What needs to be done: Once you reach the line containing "The PDR Family Guide to Common Ailments" in the entries below, write out that line and each one after it down to the line containing "There is also", exactly and with nothing added.

Data for this exercise:
=== Section Start ===

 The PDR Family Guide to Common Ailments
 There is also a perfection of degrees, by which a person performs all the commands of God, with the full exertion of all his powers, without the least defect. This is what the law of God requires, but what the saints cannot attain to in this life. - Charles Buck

=== Section End ===
=== Section Start ===

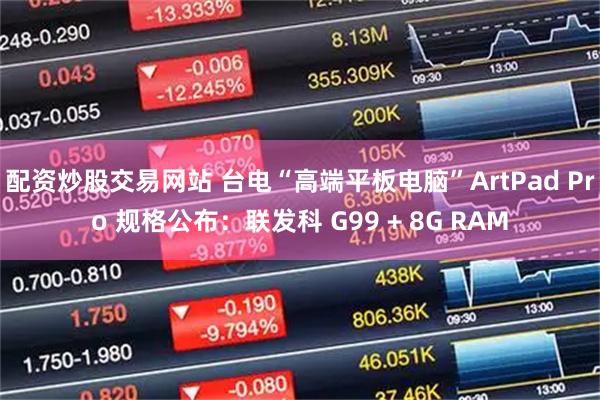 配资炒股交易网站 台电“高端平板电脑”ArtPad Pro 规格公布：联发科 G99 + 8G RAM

=== Section End ===

Written reply:
 The PDR Family Guide to Common Ailments
 There is also a perfection of degrees, by which a person performs all the commands of God, with the full exertion of all his powers, without the least defect. This is what the law of God requires, but what the saints cannot attain to in this life. - Charles Buck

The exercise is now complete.